President Vladimir Putin (R) and North Korea's new Ambassador Kim Hyun-joon (2nd L) attend a ceremony to hand over credentials at the Kremlin in Moscow, Nov. 19, 2014

Foreign Minister Sergei Lavrov said Thursday North Korea was ready to resume stalled international talks on its nuclear program.

North Korea's ambassador to the United Nations said in Geneva last month that it was prepared to resume the six-party talks but must maintain its readiness in the face of joint U.S.-South Korean military exercises.

Russia's Lavrov told a news conference on Thursday: "We got assurances from the high representative of the Democratic People's Republic of Korea that Pyongyang is ready for the restart of six-party talks, without preconditions."

He said a special envoy of North Korean leader Kim Jong Un met President Vladimir Putin this week to deliver a letter promising "cooperation in solving problems that are now lingering on the Korean peninsula."

The visit to Moscow by envoy Choe Ryong Hae comes as Pyongyang is trying to counter a resolution by a United Nations' human rights body urging the referral of North Korea to the International Criminal Court for alleged crimes against humanity.

Russia voted against the resolution and Lavrov criticized it on Thursday as "confrontational" and "counterproductive."

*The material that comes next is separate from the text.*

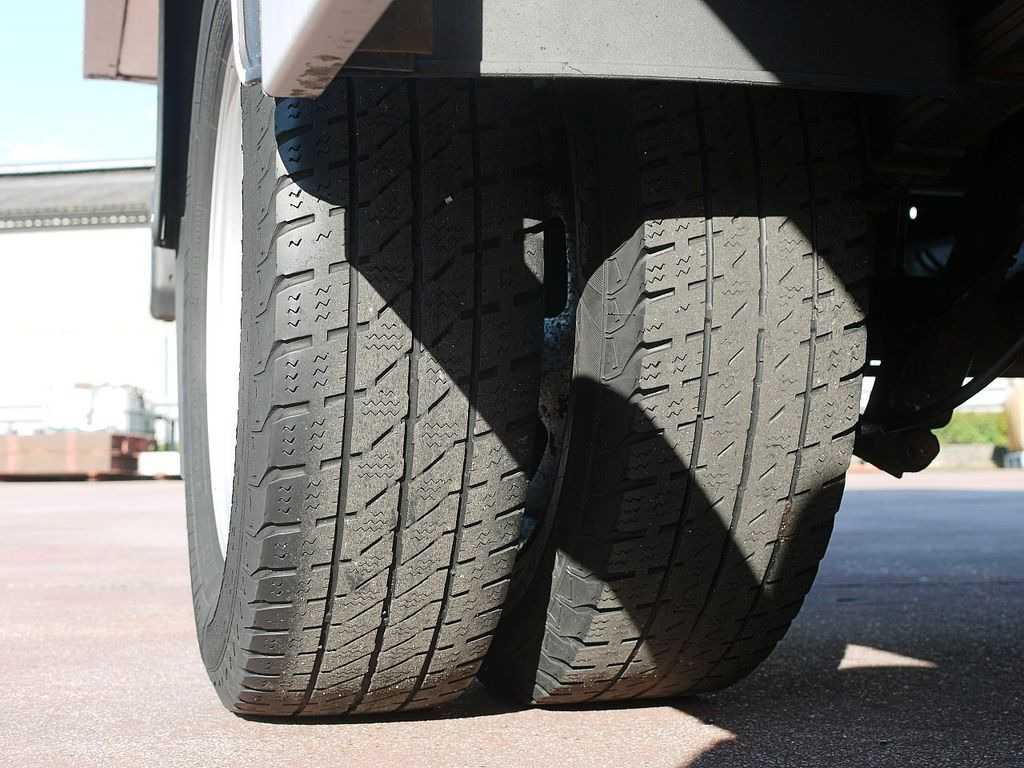 Refrigerated van Iveco 35C14 DAILY KUHLKOFFER CARRIER VIENTO A/C: picture 18 Refrigerated van Iveco 35C14 DAILY KUHLKOFFER CARRIER VIENTO A/C: picture 18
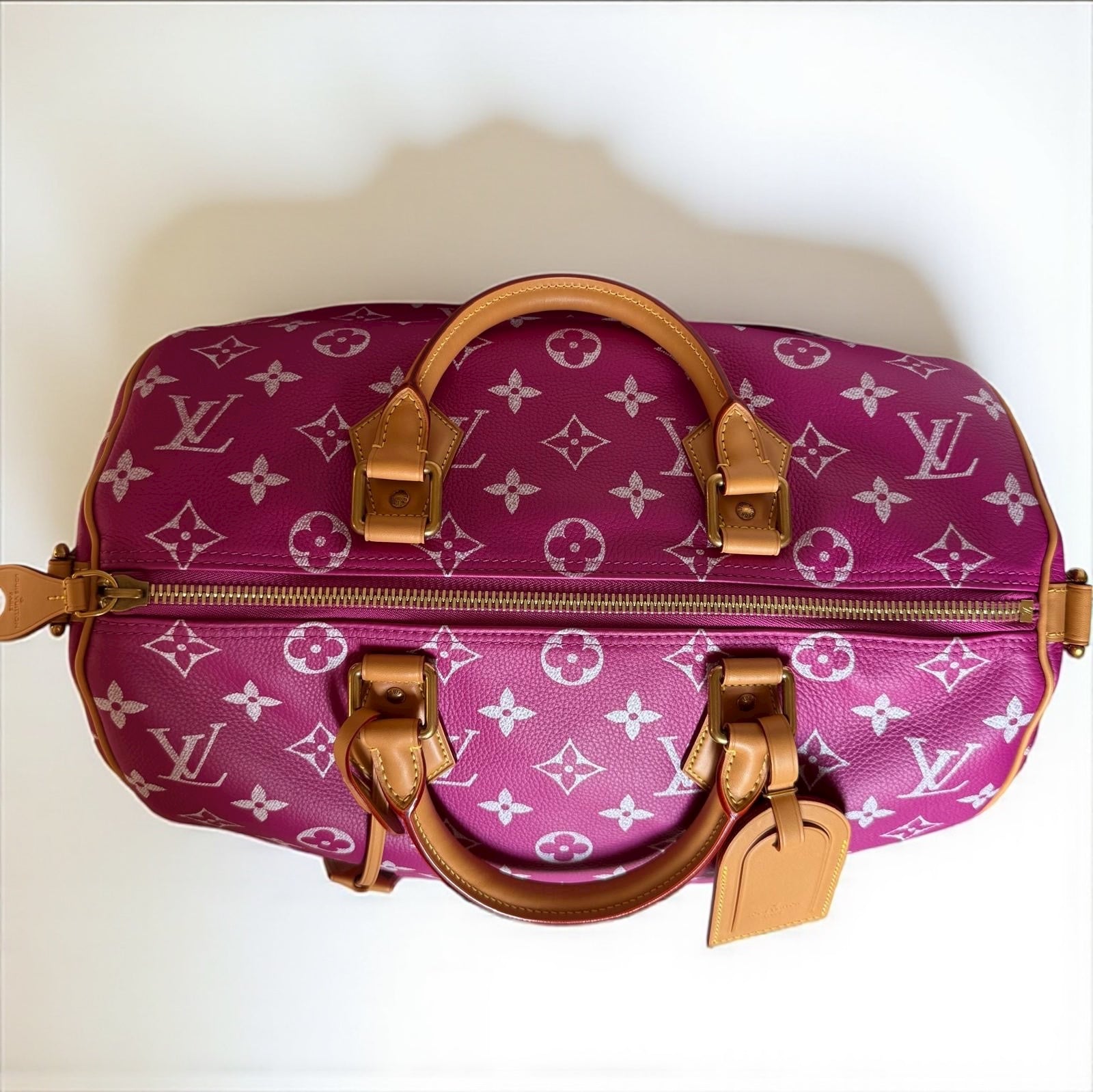 Sac Louis Vuitton Speedy P9 Bandoulière 40 Rose Agate signé Pharrell Williams, en cuir de veau souple, neuf full set avec accessoires et boîte.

North Korea, South Korea, Japan, China, Russia and the United States began talks in 2003 to rid the Korean peninsula of nuclear weapons but they were suspended after Pyongyang tested nuclear devices in 2006 and 2009.

The United States says Pyongyang must take meaningful steps toward denuclearization and refrain from provocative acts before talks could resume.

But the North Korean envoy to the United Nations said last month he believed Washington would have already attacked his country had it given up its nuclear program.